Is A diagonalizable? If yes find a matrix such that is a diagonal matrix, if not, find a matrix such that is Jordan

Question

Let A = $\begin{bmatrix} 9&4&5 \\ -4&0&-3 \\ -6&-4&-2 \end{bmatrix}$ $\in$ $M_{3x3}$$(\mathbb{R})$.

Is A diagonalizable?

Justify your answer.

If yes, find a matrix $Q$ such that $Q^{-1}AQ$ is a diagonal matrix.

If not, find a matrix $Q$ such that $Q^{-1}AQ$ is the Jordan canonical form for A. Write out the diagonal matrix or the Jordan canonical form.

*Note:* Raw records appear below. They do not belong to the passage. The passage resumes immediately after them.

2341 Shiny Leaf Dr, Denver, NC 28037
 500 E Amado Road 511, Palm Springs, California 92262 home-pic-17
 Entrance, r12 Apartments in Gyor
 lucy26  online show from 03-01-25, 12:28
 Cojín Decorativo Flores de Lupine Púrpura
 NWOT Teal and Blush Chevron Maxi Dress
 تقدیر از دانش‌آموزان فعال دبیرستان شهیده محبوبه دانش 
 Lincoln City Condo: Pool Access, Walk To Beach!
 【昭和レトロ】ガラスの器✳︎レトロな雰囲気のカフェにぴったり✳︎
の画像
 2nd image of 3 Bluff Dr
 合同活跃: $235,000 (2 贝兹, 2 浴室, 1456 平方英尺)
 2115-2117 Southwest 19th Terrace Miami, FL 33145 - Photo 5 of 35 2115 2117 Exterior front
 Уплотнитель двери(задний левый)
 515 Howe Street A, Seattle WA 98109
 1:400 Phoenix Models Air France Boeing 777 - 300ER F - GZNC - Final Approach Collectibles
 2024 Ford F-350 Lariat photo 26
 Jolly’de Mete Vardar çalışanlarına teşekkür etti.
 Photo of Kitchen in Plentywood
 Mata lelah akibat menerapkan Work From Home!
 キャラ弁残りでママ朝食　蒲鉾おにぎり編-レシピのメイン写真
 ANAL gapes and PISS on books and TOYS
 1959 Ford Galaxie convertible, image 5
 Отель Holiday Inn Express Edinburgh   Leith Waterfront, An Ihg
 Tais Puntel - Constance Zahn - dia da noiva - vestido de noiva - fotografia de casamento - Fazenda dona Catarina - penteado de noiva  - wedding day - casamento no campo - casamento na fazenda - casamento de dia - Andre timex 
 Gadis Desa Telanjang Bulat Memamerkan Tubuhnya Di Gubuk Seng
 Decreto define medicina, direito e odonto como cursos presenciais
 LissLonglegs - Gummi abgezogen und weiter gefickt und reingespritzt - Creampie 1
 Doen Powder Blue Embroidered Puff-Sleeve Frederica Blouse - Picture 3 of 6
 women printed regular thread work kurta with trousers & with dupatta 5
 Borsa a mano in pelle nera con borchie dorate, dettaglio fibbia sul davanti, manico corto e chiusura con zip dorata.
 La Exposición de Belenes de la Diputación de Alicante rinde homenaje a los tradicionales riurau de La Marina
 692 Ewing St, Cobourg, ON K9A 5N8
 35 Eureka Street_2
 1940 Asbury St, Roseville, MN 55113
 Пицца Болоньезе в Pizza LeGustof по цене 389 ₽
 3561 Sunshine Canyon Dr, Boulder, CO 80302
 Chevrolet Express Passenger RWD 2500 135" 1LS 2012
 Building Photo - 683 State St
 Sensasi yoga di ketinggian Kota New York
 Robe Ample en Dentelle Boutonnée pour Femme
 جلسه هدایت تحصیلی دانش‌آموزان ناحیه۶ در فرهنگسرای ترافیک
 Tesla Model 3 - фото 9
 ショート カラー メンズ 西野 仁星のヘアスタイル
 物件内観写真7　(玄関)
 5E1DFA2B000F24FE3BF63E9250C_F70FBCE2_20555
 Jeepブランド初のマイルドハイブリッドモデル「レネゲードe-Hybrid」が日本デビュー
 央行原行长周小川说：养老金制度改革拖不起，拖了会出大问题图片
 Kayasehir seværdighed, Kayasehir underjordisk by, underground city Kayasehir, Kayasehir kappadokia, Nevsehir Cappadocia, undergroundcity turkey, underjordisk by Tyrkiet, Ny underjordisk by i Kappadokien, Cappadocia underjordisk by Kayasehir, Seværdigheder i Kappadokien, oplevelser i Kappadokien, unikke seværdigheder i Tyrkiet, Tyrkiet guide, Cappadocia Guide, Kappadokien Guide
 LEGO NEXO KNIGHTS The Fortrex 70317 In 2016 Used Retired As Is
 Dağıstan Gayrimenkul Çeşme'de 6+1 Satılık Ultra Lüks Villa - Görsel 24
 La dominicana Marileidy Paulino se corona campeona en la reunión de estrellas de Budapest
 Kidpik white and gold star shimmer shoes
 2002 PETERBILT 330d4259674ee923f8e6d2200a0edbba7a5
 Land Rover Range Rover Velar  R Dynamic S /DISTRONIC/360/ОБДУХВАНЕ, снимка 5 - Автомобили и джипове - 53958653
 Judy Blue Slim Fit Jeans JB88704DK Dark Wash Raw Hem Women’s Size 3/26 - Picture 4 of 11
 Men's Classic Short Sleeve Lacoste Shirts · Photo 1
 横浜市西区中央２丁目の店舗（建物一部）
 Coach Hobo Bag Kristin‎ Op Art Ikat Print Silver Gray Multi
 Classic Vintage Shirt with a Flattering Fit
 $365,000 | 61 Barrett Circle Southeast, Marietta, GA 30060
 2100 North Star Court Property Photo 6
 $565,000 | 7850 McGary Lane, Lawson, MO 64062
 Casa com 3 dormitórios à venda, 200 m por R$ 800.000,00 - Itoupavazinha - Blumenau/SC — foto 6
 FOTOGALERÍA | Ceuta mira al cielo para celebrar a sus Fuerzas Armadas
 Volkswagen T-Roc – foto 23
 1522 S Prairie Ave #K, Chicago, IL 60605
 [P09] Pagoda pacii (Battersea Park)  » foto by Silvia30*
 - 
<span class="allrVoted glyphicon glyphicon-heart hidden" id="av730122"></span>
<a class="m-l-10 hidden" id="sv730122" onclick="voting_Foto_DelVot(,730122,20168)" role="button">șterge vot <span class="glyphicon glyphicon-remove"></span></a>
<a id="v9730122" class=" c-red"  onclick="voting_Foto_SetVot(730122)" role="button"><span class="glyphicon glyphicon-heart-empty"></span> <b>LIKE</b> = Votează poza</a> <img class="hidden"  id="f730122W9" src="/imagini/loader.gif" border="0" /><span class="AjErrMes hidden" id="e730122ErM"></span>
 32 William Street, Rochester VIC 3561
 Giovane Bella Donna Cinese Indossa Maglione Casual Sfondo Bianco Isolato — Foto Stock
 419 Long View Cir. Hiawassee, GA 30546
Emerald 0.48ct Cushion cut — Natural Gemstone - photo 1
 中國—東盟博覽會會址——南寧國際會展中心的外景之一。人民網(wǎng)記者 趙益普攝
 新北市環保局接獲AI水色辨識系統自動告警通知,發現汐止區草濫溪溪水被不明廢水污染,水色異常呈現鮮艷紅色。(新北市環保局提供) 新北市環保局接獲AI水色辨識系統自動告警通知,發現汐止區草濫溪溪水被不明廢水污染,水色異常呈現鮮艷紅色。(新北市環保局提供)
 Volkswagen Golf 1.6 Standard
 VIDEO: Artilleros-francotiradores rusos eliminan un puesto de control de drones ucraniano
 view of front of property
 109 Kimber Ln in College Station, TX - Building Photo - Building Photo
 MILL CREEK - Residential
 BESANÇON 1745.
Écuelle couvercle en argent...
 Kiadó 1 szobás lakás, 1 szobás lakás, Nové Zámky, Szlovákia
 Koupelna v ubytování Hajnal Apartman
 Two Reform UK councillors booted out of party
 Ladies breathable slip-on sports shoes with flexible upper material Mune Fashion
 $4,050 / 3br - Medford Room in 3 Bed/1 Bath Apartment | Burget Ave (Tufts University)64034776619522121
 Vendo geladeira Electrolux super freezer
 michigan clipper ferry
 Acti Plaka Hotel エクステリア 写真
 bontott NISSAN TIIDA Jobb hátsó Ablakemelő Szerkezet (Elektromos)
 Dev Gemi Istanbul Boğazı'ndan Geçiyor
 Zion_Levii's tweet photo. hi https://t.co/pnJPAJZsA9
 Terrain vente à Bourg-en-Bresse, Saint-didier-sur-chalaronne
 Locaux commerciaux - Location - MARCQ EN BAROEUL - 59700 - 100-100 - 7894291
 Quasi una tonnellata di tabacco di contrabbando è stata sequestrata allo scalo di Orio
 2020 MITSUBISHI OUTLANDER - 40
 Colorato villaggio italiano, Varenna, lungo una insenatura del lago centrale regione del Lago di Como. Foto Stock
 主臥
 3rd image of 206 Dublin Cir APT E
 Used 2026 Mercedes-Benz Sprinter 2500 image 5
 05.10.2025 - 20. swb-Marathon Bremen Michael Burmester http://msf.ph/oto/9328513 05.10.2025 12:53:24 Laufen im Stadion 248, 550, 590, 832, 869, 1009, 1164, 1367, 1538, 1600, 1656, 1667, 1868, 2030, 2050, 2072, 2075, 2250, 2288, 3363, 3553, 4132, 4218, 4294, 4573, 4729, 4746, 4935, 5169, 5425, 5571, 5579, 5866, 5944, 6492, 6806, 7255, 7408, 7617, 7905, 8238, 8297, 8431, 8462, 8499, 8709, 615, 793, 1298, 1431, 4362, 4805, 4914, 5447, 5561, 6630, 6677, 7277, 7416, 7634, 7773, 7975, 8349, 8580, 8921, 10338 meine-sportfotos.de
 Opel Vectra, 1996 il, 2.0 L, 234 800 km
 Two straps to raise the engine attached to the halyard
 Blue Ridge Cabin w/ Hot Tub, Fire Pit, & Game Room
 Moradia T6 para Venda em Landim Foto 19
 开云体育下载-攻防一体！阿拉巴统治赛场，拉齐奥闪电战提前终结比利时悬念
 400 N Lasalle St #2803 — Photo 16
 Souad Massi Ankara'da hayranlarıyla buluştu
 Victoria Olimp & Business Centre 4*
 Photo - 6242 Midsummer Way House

Okay update, so I found out the matrix is not diagonalizable. However, I am having trouble understanding the theory behind representing the matrix in Jordan Form.

I have that the eigenvalues are $\lambda_{1,2}$ = 2 and $\lambda_{3}$ = 3.

Could someone please provide a nice explanation as to how I get $Q^{-1}AQ$ as the Jordan canonical form for A.

Answer 1

Test for Diagonalization:

Let $T$ be a linear operator on an n-dimensional vector space $V$. Then $T$ is diagonalizable if and only if both of the following conditions hold.

1. The characteristic polynomial of $T$ splits.
2. For each eigenvalue $\lambda$ of $T$, the multiplicity of $\lambda$ equals $n - rank(T — \lambda I).$

Here, $2,2,3$ are the eigenvalues.

But multiplicity of $2$ = $2 \neq 3-rank(A-2I)$, since $rank(A-2I)=2$

Answer 2

A is diagonalizable iff A is nondefective, i.e., the dimension of A's eigenspace is the same with its generalized eigenspace. Or you can directly calculate its Jordan canonical form. For the diagonalizable matrix, it automatically turns to be a diagonal matrix.

Answer 3

I should check and find its eigenvalues. if you found its eigenvalues and they are not independent so A is not diagonalizable. because the columns of Q(3 by 3 matrix) are linear independent eigenvectors of A. This is a theorem.